From the dirt and danger of a coal mine to the glittering chandeliers of a palace, from the corridors of power to the bedrooms of the mighty, Fall of Giants takes us into the inextricably entangled fates of five families—and into a century that we thought we knew, but that now will never seem the same again. . . . 
Chapter One

June 22, 1911


On the day King George V was crowned at Westminster Abbey in London, Billy Williams went down the pit in Aberowen, South Wales.

The twenty-second of June, 1911, was Billy's thirteenth birthday. He was woken by his father. Da's technique for waking people was more effective than it was kind. He patted Billy's cheek, in a regular rhythm, firmly and insistently. Billy was in a deep sleep, and for a second he tried to ignore it, but the patting went on relentlessly. Momentarily he felt angry; but then he remembered that he had to get up, he even wanted to get up, and he opened his eyes and sat upright with a jerk.

"Four o'clock," Da said, then he left the room, his boots banging on the wooden staircase as he went down.

Today Billy would begin his working life by becoming an apprentice collier, as most of the men in town had done at his age. He wished he felt more like a miner. But he was determined not to make a fool of himself. David Crampton had cried on his first day down the pit, and they still called him Dai Crybaby, even though he was twenty-five and the star of the town's rugby team.

It was the day after midsummer, and a bright early light came through the small window. Billy looked at his grandfather, lying beside him. Gramper's eyes were open. He was always awake, whenever Billy got up; he said old people did not sleep much.

Billy got out of bed. He was wearing only his underdrawers. In cold weather he wore his shirt to bed, but Britain was enjoying a hot summer, and the nights were mild. He pulled the pot from under the bed and took off the lid.

There was no change in the size of his penis, which he called his peter. It was still the childish stub it had always been. He had hoped it might have started to grow on the night before his birthday, or perhaps that he might see just one black hair sprouting somewhere near it, but he was disappointed. His best friend, Tommy Griffiths, who had been born on the same day, was different: he had a cracked voice and a dark fuzz on his upper lip, and his peter was like a man's. It was humiliating.

As Billy was using the pot, he looked out of the window. All he could see was the slag heap, a slate-gray mountain of tailings, waste from the coal mine, mostly shale and sandstone. This was how the world appeared on the second day of Creation, Billy thought, before God said: "Let the earth bring forth grass." A gentle breeze wafted fine black dust off the slag onto the rows of houses.

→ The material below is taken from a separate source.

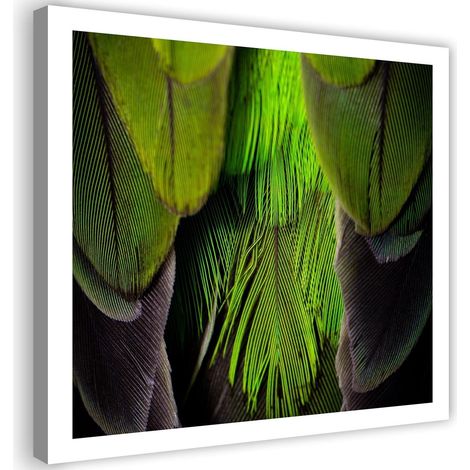 Tableau sur toile Plume oiseau vert 40x40 (1/5)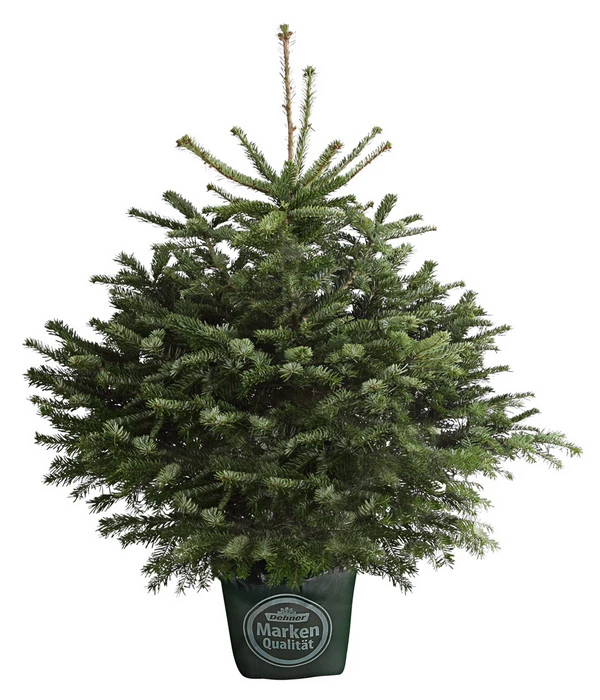 Nordmann-Tanne, Ca. 80-100 Cm, Im Topf Gewachsen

Inside the room there was even less to look at. This was the back bedroom, a narrow space just big enough for the single bed, a chest of drawers, and Gramper's old trunk. On the wall was an embroidered sampler that read:

BELIEVE ON THE
LORD JESUS CHRIST
AND THOU SHALT
BE SAVED

There was no mirror.

One door led to the top of the stairs, the other to the front bedroom, which could be accessed only through this one. It was larger and had space for two beds. Da and Mam slept there, and Billy's sisters had too, years ago. The eldest, Ethel, had now left home, and the other three had died, one from measles, one from whooping cough, and one from diphtheria. There had been an older brother, too, who had shared Billy's bed before Gramper came. Wesley had been his name, and he had been killed underground by a runaway dram, one of the wheeled tubs that carried coal.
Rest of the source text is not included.